Here's How Many Drinks Bartenders Really Need To Memorize

I was a bartender for seven or eight years. To learn the tricks of the trade, I signed up for the New York Bartending School. I soon found myself with a thick, spiralbound book filled with rafts of information, all of which I had to learn before becoming a bona fide barkeep. Things like shaken vs. stirred. Blended scotch or single-malt (or single-grain). Neat vs. up. Tinctures and shrubs and bitters and vermouths and garnishes. And oh-so-many drink recipes. I was tasked with hours of studying, written tests, and practical exams (we had to demonstrate making each cocktail). But by the time I graduated to my first bartending gig, I'd gone from majorly mixed-up to mixing it up like a pro.

I'm not sure that I could put an exact number on how many drinks I could make from memory during my bartending heyday, but 100 seems like a good, round number that probably isn't far off-base.

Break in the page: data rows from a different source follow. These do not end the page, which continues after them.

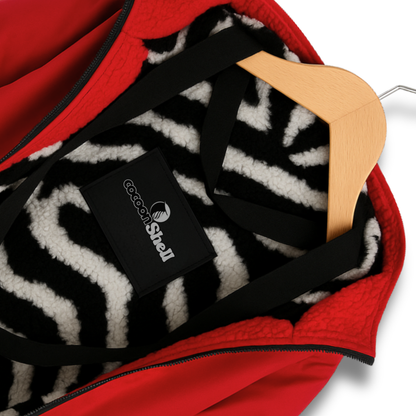 Red waterproof coat  oversized  zebra fleece lining 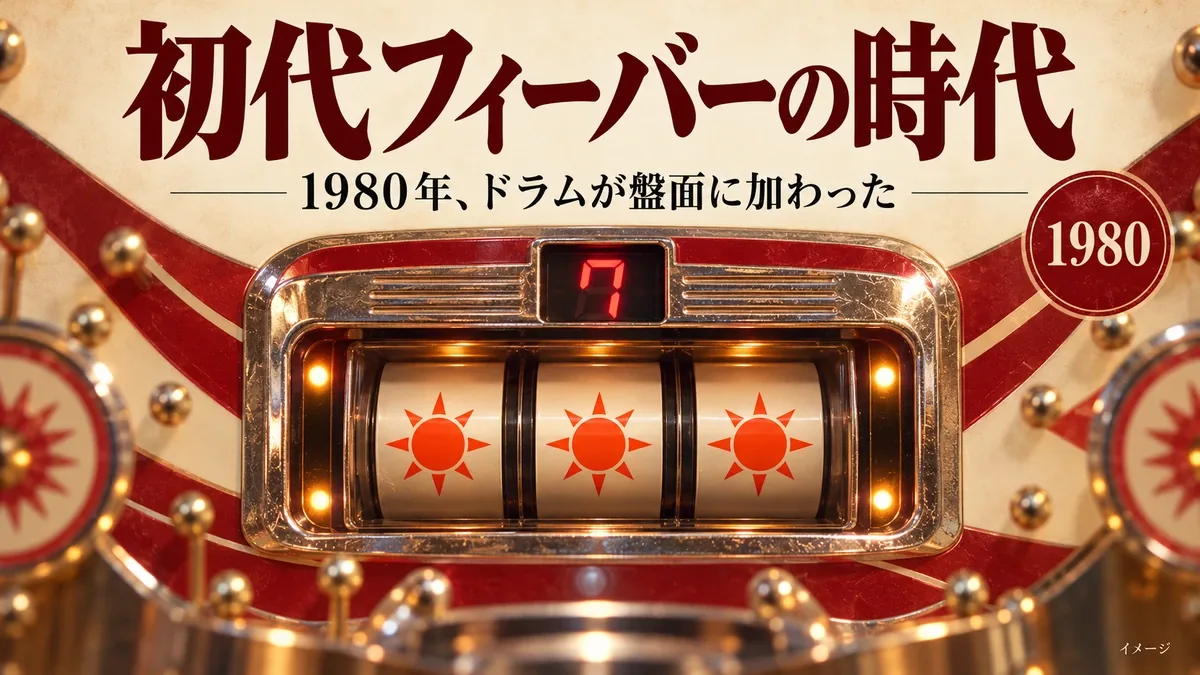 太陽の図柄が並ぶ三つのドラムと上部の赤い7を描いたイメージ。「初代フィーバーの時代」「1980」の文字がある。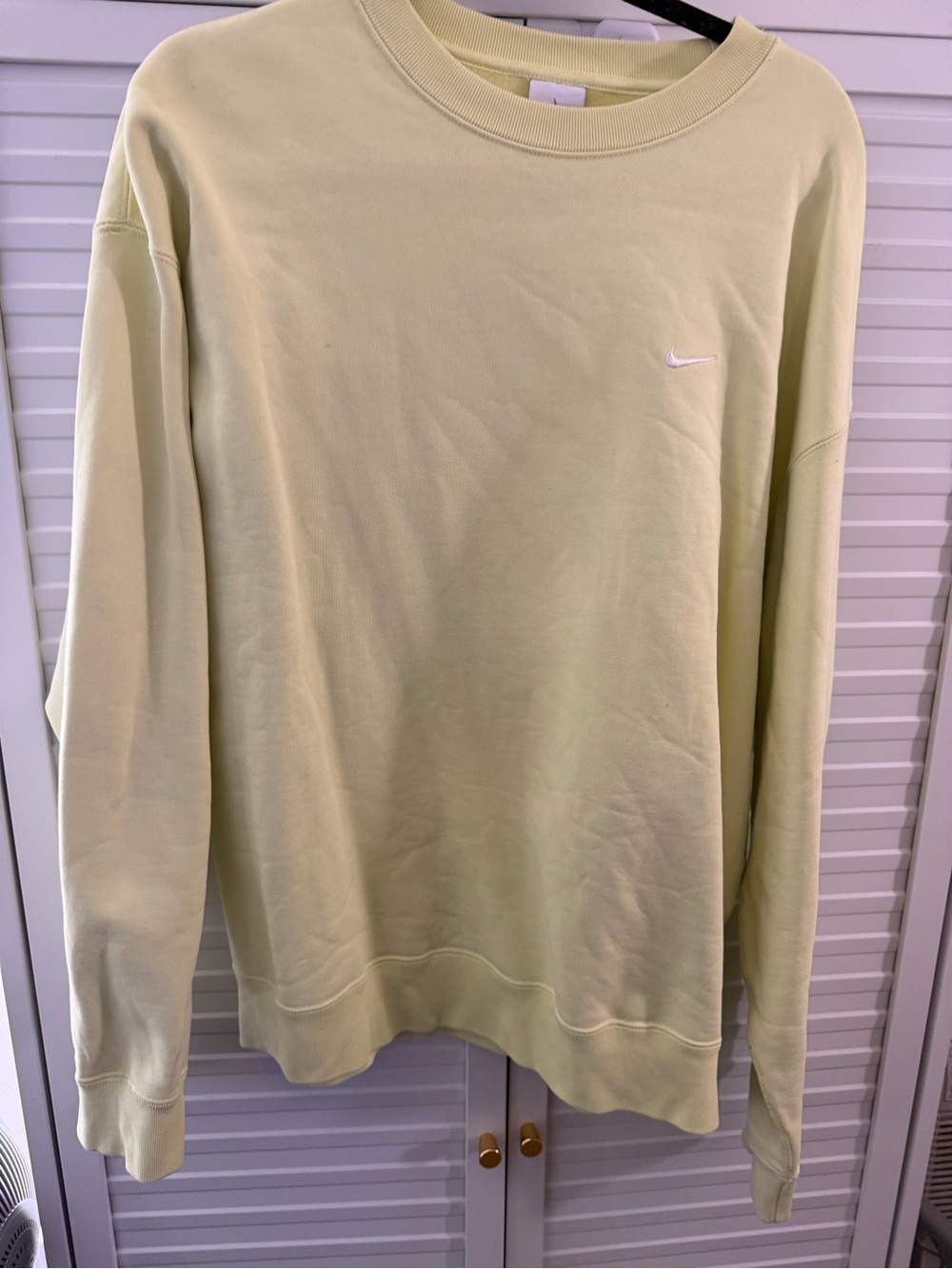 Nike Pale Yellow Crewneck Sweatshirt with White Swoosh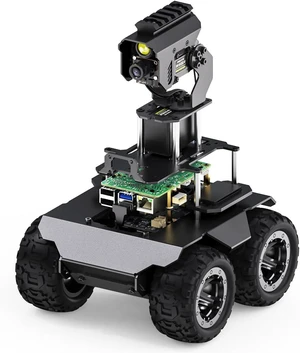 Waveshare RaspRover Open-Source 4WD AI Robot,Compatible with Raspberry Pi 4B, Dual Controllers, Computer Vision, Comes with Pan-Tilt Module, PI5-4GB Included Waveshare RaspRover Open-Source 4WD AI Robot,Compatible with Raspberry Pi 4B, Dual Controllers, Computer Vision, Comes with Pan-Tilt Module, PI5-4GB Included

Of course, how many you really need to know by heart to stay employed — and well-tipped — as a bartender depends on a variety of factors, such as where you work, what your clientele is drinking, and if you're allowed to keep a bartending guide behind the bar as a cheat sheet.

What every bartender worth their shaker ought to know

Not only do you need to know the basics (as in, what goes in a standard martini?), but you should also know all the variations someone might request (as in, a Grey Goose vodka martini, shaken not stirred, extra dry, slightly dirty, straight up with a twist). Where there's a Bloody Mary, there's also a Bloody Maria, Bloody Caesar, Bloody Bull, Bloody Scotsman, and a Red Snapper, depending on the precise ingredients. And a Russian can be White or Black. The good news is, once you know the original recipe, the modifications are easy.

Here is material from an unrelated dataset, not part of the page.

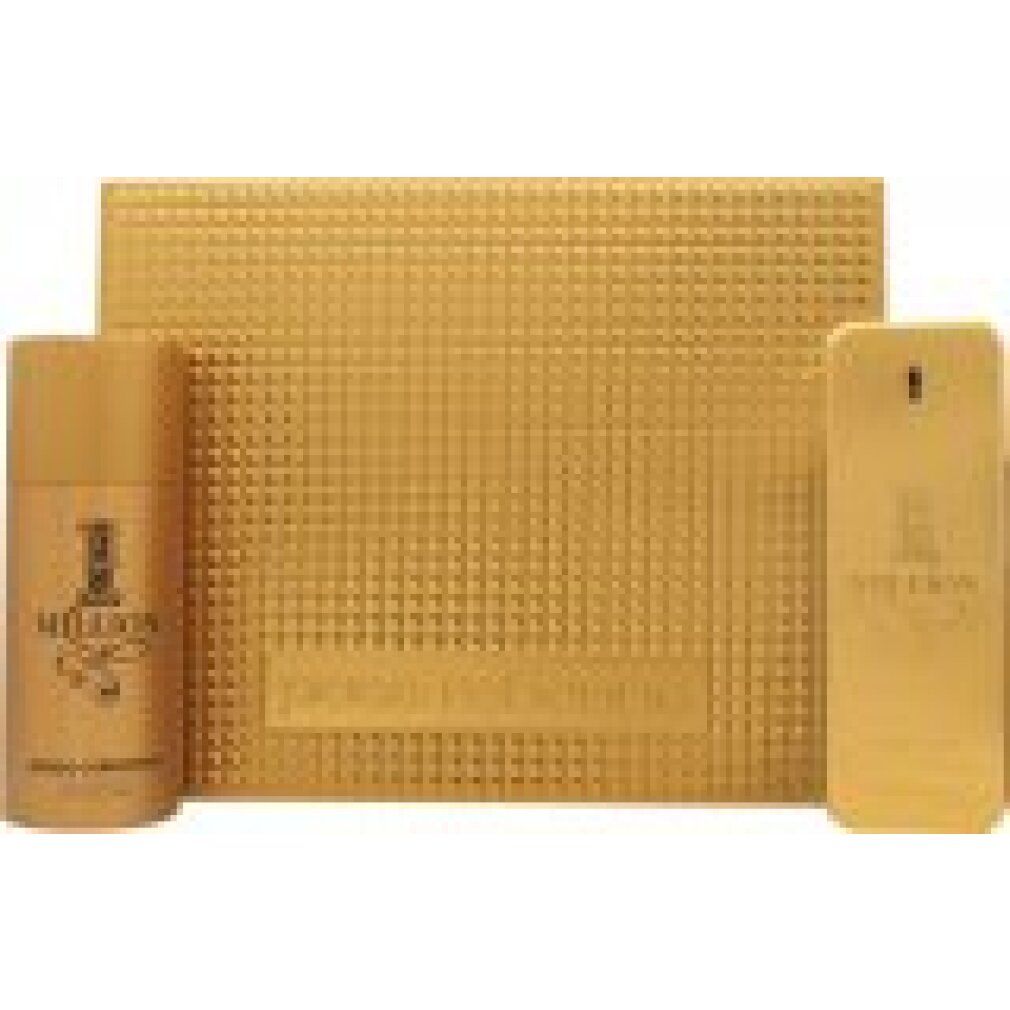 Goldfarbenes Geschenkset mit Deospray, rechteckiger Box und Flakon. Aufschrift "1 Million" und "paco rabanne".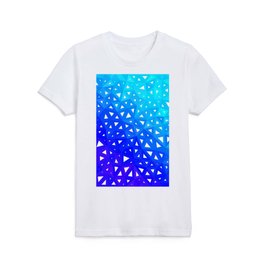 Aqua to Blue Wire-frame Geometric Triangles Pattern Design  Kids T Shirt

As a general rule of thumb, if you want to look like an expert behind the bar, figure that you at least should know how to whip up the classics: Negroni. Old-fashioned. Manhattan. Cosmo. If you work in a martini bar that offers an encyclopedia of elaborate martini options — all the lemon drops and pomegranate martinis and chocolate espresso cookie martinis — you've got some major memorizing to do. If, on the other hand, you spend your nights slinging Smirnoff in a dive bar, you can probably get away with knowing far fewer, as long as you get that a "Cape Cod" is really just an old-school name for a vodka cranberry, and you know how to pour a mean gin and tonic.

There are certain drink recipes you should have in your repertoire, just in case. That doesn't mean you'll be making 27 Sidecars per shift, but it only takes one customer ordering a Sidecar to have you looking like a dufus if you give them a confused or panicked stare in return. And don't try to fake it: The only thing worse than saying "I don't know how to make that" is making it and getting it unthinkably, undrinkably wrong.